| Activity |
Each line from the first entry to the line with "Mike Hallo Anna! Anna Hallo Mike!", both included, is to be returned unchanged, with any pictures dropped.

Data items
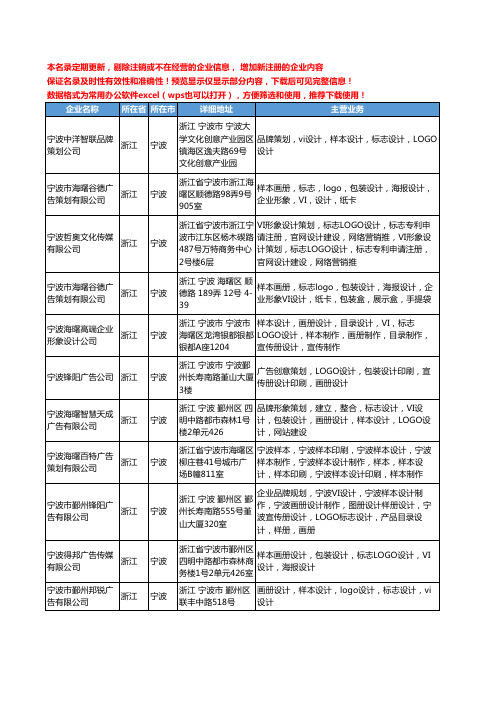 新版浙江省宁波标志LOGO设计工商企业公司商家名录名单联系方式大全17家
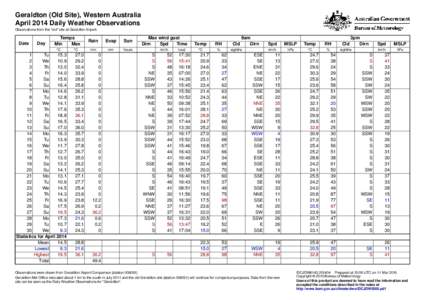Geraldton (Old Site), Western Australia April 2014 Daily Weather Observations Observations from the 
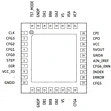 QFN5X5-36封装形式脚位图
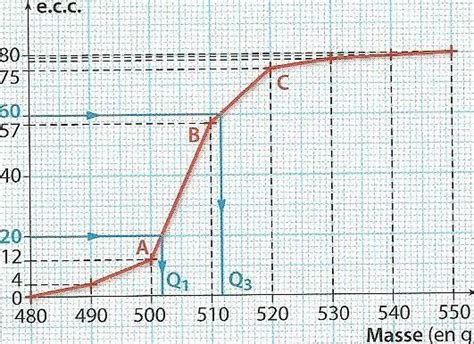 Employée en mathématiques, cette expression est composée du mot interpolation, car elle permet d'estimer la valeur prise par une fonction, et du mot linéaire. Interpolation linéaire - forum de maths - 472446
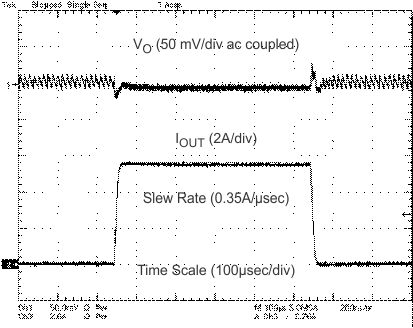 TPS54526-TPS54526  Eco-mode?  4.5V  18V 롢5.5A ͬѹת (Rev. C)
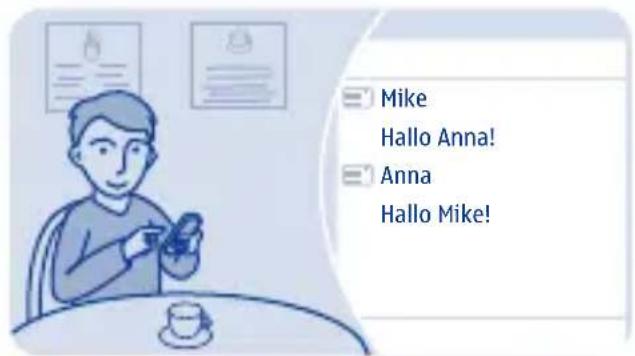 Mike Hallo Anna! Anna Hallo Mike!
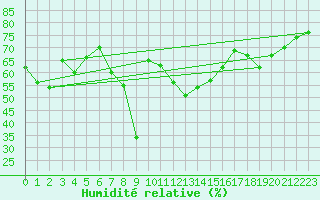 Courbe de l'humidit relative pour Cap Cpet (83)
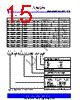 ASM3I622S00AG-08-TR Datasheet HTML 15Page - PulseCore Semiconductor 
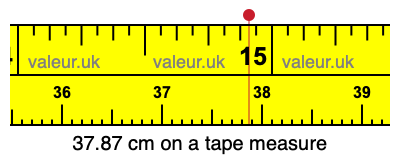 37.87 cm on a tape measure 37.87 centimeters on a tape measure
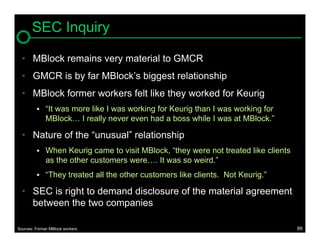 SEC Inquiry

  • MBlock remains very material to GMCR
  • GMCR is by far MBlock’s biggest relationship
  • MBlock former workers felt like they worked for Keurig
          “It was more like I was working for Keurig than I was working for
              MBlock… I really never even had a boss while I was at MBlock.”

  • Nature of the “unusual” relationship
          When Keurig came to visit MBlock, “they were not treated like clients
              as the other customers were…. It was so weird.”
          “They treated all the other customers like clients. Not Keurig.”

  • SEC is right to demand disclosure of the material agreement
    between the two companies

Sources: Former MBlock workers                                                     89
 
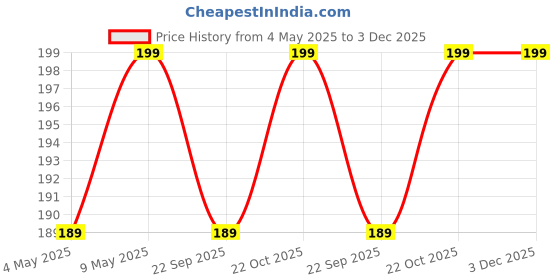 amazon.in Pikkme Samsung Galaxy M12 / A12 / F12 Back Cover Soft Matte Liquid Silicone TPU | Camera Protection | Shockproof Slim Back Case for Samsung Galaxy M12 / A12 / F12 (Blue) Price History Graph from 4 May 2025 to 2 Dec 2025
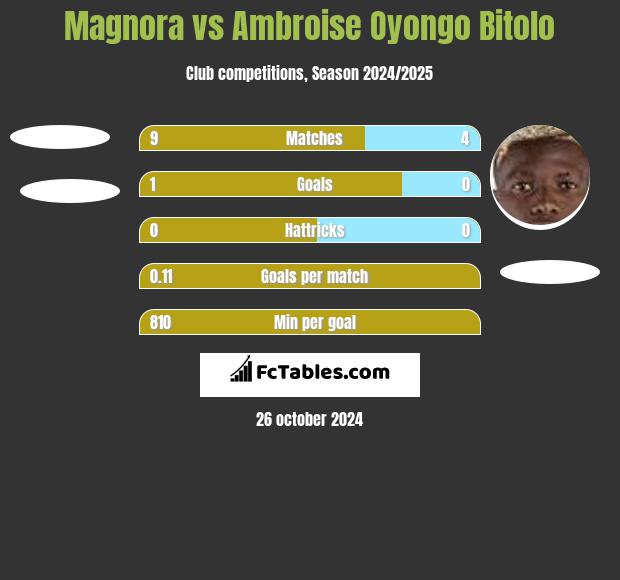 Magnora vs Ambroise Oyongo Bitolo h2h player stats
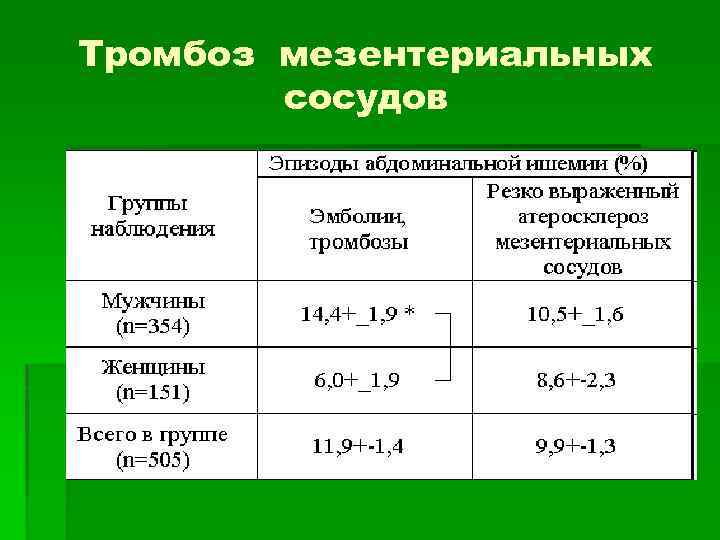 Тромбоз мезентериальных сосудов 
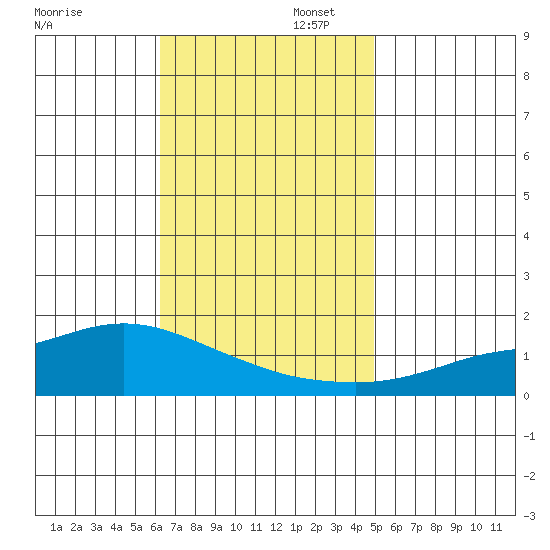 Fowl River tide chart for Wednesday, November 12, 2025
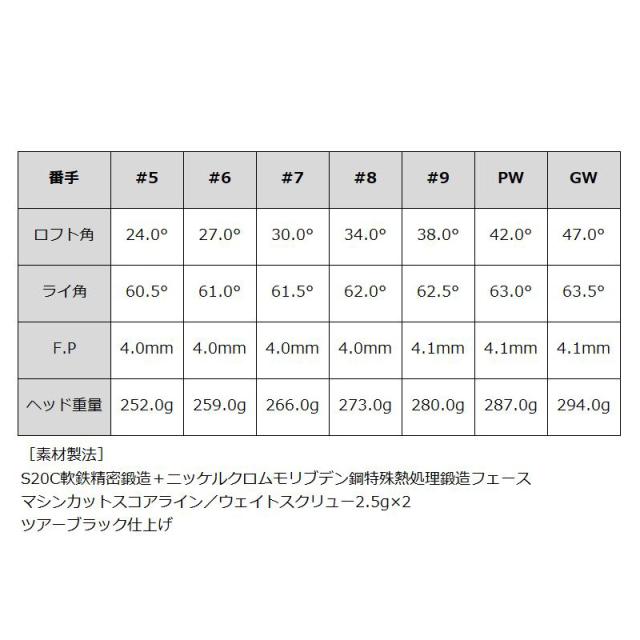 バルド 2025 TT FORGED ツアー ポケット アイアン ブラック 6本組 グラファイトデザイン TourAD AD-105/115 装着 カーボン 【カスタム】【新品】 BALDO フォージド TP アイアンセット ゴルフ クラブ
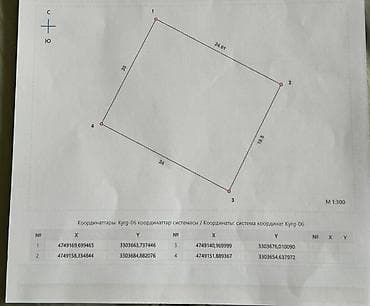 аренда гостевого дома: 5 соток, Для строительства, Красная книга, Договор купли-продажи — 9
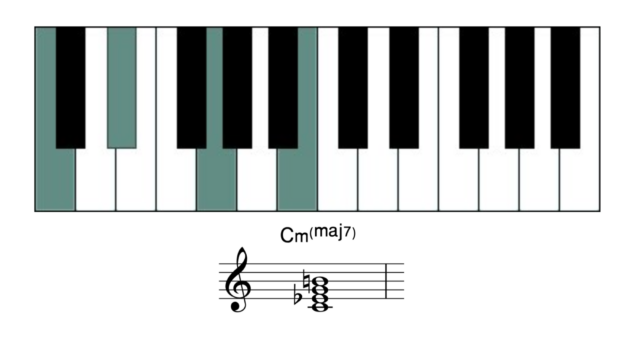 CmMaj7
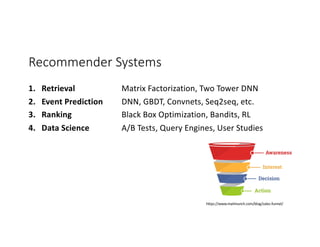Recommender Systems
1. Retrieval Matrix Factorization, Two Tower DNN
2. Event Prediction DNN, GBDT, Convnets, Seq2seq, etc.
3. Ranking Black Box Optimization, Bandits, RL
4. Data Science A/B Tests, Query Engines, User Studies
https://www.mailmunch.com/blog/sales-funnel/
 
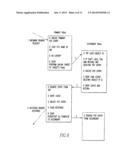 Media Aware Distributed Data Layout diagram and image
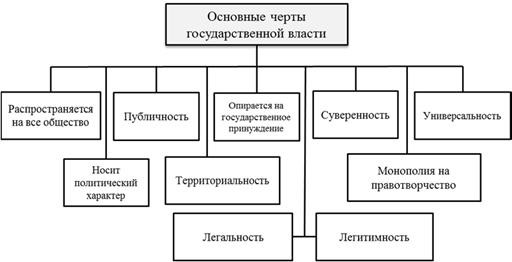 Черты государственной власти. Признаки государственной власти схема. Универсальность государственной власти это. Признаки власти таблица. Черты гос власти.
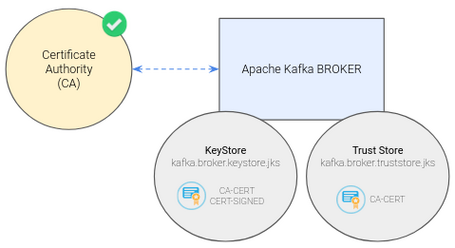 Certificado de confianza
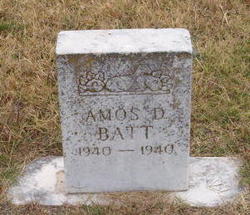 Amos D. Batt 
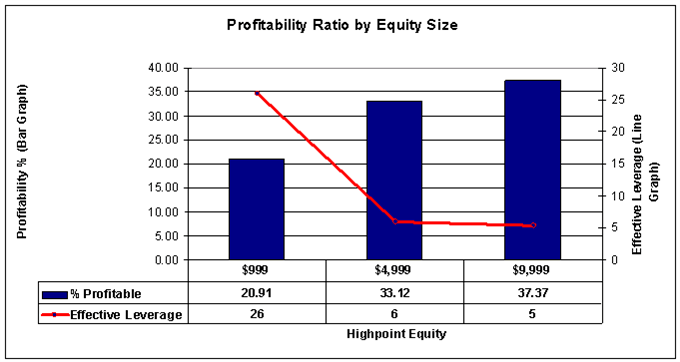 reward ratio profits leverage trading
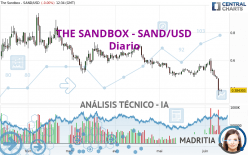 THE SANDBOX - SAND/USD - Dagelijks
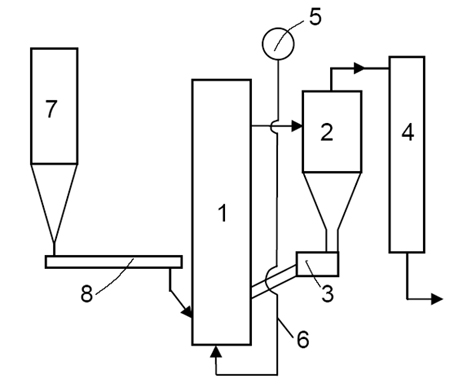 Arrangement structure of subcritical circulating fluidized bed boiler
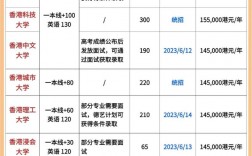 香港大學本科生申請條件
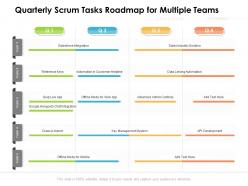 Quarterly scrum tasks roadmap for multiple teams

| Answer to this problem |
 新版浙江省宁波标志LOGO设计工商企业公司商家名录名单联系方式大全17家
Geraldton (Old Site), Western Australia April 2014 Daily Weather Observations Observations from the 
 QFN5X5-36封装形式脚位图
 Employée en mathématiques, cette expression est composée du mot interpolation, car elle permet d'estimer la valeur prise par une fonction, et du mot linéaire. Interpolation linéaire - forum de maths - 472446
 TPS54526-TPS54526  Eco-mode?  4.5V  18V 롢5.5A ͬѹת (Rev. C)
 Mike Hallo Anna! Anna Hallo Mike!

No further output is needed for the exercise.